**Required action:** Beginning at the top of the data below, write out every line exactly until you reach the line with "Used 2018 Jeep Compass Sport image 35", and include that line.

**Records for processing:**
※

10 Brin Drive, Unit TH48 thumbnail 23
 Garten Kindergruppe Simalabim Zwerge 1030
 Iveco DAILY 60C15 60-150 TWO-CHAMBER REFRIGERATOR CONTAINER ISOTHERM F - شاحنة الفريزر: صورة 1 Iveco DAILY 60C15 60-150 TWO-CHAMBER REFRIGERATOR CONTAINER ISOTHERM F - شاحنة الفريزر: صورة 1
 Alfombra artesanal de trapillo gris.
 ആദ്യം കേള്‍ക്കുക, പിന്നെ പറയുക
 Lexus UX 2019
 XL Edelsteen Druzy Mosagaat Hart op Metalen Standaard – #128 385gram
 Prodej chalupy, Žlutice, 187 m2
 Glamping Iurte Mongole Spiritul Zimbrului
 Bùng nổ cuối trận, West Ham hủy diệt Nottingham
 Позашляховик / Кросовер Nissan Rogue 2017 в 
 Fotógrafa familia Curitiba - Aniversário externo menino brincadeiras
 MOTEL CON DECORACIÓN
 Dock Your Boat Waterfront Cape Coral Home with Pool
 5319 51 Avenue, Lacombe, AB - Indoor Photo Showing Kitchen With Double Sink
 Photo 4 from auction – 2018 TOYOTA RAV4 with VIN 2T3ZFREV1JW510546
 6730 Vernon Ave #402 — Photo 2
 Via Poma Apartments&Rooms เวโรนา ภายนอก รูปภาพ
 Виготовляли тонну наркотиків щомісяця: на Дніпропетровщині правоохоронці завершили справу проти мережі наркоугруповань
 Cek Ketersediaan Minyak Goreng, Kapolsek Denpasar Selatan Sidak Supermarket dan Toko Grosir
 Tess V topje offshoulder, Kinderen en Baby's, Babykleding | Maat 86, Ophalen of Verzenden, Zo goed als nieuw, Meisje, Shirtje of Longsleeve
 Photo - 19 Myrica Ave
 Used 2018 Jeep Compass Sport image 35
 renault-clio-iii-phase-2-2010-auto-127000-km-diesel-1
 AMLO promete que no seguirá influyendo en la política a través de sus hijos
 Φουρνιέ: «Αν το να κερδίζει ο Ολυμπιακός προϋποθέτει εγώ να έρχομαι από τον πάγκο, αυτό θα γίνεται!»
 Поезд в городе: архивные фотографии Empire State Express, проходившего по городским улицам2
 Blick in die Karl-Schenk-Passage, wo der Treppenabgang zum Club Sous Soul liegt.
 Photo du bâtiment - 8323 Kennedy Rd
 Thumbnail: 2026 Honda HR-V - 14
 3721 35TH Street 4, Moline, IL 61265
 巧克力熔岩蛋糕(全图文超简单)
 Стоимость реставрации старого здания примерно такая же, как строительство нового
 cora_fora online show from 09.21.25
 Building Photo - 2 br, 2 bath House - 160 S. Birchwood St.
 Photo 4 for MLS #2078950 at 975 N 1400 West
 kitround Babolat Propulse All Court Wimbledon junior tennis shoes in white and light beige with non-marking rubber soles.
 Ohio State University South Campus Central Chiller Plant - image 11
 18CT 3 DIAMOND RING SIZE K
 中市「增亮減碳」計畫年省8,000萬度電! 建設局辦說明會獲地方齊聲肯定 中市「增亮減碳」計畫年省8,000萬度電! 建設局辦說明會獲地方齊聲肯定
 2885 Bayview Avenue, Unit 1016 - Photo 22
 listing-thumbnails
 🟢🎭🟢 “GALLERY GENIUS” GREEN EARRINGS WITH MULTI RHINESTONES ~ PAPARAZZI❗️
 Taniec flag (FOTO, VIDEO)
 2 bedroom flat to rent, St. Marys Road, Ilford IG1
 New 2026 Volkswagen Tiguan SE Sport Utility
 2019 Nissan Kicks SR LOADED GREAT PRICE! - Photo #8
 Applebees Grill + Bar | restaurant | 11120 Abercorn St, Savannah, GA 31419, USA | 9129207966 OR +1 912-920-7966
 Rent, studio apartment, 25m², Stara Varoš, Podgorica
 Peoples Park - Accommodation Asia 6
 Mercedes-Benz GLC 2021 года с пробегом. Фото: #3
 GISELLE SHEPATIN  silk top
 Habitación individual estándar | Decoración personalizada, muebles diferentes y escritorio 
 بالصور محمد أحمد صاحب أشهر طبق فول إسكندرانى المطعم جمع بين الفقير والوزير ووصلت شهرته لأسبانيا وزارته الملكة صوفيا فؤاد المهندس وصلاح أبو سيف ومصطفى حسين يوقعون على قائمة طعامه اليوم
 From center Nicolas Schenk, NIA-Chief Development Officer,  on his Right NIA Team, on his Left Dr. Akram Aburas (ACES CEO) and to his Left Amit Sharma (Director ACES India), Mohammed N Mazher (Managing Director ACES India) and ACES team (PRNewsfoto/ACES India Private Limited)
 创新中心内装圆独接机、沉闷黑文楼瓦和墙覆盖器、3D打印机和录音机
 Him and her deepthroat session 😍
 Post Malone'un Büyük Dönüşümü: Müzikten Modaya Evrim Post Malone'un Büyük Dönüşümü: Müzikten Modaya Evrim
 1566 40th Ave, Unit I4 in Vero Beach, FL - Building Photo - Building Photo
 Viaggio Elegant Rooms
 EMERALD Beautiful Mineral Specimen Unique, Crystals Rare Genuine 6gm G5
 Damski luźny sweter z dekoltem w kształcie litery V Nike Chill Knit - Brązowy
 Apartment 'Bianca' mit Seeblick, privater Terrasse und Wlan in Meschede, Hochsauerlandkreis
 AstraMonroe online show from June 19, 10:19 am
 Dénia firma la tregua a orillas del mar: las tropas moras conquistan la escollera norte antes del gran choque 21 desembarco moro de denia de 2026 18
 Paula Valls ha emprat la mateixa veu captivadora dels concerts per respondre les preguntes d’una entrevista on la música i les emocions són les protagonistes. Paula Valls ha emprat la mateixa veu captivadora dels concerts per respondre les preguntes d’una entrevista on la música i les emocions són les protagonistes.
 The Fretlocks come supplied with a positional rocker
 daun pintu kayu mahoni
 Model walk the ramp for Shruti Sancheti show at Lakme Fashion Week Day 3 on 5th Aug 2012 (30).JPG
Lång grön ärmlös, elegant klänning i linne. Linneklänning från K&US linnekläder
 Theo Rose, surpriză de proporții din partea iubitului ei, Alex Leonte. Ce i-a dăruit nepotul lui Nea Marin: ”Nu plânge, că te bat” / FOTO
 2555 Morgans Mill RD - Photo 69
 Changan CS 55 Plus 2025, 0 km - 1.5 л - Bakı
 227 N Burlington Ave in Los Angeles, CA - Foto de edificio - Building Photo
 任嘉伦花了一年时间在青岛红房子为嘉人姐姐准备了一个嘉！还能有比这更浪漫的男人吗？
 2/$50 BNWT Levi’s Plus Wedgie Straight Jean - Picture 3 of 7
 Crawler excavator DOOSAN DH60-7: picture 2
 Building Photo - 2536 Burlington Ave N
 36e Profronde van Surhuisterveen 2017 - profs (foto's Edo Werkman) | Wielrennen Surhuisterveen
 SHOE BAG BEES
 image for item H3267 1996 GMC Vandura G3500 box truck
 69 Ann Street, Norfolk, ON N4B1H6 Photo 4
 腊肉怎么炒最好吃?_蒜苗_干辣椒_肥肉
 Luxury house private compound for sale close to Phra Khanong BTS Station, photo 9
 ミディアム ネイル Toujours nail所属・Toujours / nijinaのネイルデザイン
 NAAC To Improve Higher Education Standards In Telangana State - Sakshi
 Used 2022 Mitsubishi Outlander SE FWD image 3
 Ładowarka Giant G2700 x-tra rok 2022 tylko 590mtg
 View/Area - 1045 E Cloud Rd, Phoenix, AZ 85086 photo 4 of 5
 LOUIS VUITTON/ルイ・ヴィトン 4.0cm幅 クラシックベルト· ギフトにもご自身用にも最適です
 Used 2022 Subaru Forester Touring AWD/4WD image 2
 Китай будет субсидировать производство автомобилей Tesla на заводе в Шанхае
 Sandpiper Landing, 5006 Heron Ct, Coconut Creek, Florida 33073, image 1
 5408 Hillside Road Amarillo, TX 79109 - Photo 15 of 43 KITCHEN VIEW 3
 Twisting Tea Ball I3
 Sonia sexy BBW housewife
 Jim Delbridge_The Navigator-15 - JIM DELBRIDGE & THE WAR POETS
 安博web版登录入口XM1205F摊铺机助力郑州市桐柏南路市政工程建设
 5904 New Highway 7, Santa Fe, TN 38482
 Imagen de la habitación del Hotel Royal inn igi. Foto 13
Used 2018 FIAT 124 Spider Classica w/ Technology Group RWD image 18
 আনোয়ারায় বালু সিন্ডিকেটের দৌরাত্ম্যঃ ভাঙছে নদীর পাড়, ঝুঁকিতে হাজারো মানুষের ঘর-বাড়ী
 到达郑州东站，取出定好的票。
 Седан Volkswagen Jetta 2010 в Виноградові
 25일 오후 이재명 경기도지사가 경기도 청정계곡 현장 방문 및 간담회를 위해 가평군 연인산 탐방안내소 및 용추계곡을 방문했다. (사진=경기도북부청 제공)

※

**The answer:**
10 Brin Drive, Unit TH48 thumbnail 23
 Garten Kindergruppe Simalabim Zwerge 1030
 Iveco DAILY 60C15 60-150 TWO-CHAMBER REFRIGERATOR CONTAINER ISOTHERM F - شاحنة الفريزر: صورة 1 Iveco DAILY 60C15 60-150 TWO-CHAMBER REFRIGERATOR CONTAINER ISOTHERM F - شاحنة الفريزر: صورة 1
 Alfombra artesanal de trapillo gris.
 ആദ്യം കേള്‍ക്കുക, പിന്നെ പറയുക
 Lexus UX 2019
 XL Edelsteen Druzy Mosagaat Hart op Metalen Standaard – #128 385gram
 Prodej chalupy, Žlutice, 187 m2
 Glamping Iurte Mongole Spiritul Zimbrului
 Bùng nổ cuối trận, West Ham hủy diệt Nottingham
 Позашляховик / Кросовер Nissan Rogue 2017 в 
 Fotógrafa familia Curitiba - Aniversário externo menino brincadeiras
 MOTEL CON DECORACIÓN
 Dock Your Boat Waterfront Cape Coral Home with Pool
 5319 51 Avenue, Lacombe, AB - Indoor Photo Showing Kitchen With Double Sink
 Photo 4 from auction – 2018 TOYOTA RAV4 with VIN 2T3ZFREV1JW510546
 6730 Vernon Ave #402 — Photo 2
 Via Poma Apartments&Rooms เวโรนา ภายนอก รูปภาพ
 Виготовляли тонну наркотиків щомісяця: на Дніпропетровщині правоохоронці завершили справу проти мережі наркоугруповань
 Cek Ketersediaan Minyak Goreng, Kapolsek Denpasar Selatan Sidak Supermarket dan Toko Grosir
 Tess V topje offshoulder, Kinderen en Baby's, Babykleding | Maat 86, Ophalen of Verzenden, Zo goed als nieuw, Meisje, Shirtje of Longsleeve
 Photo - 19 Myrica Ave
 Used 2018 Jeep Compass Sport image 35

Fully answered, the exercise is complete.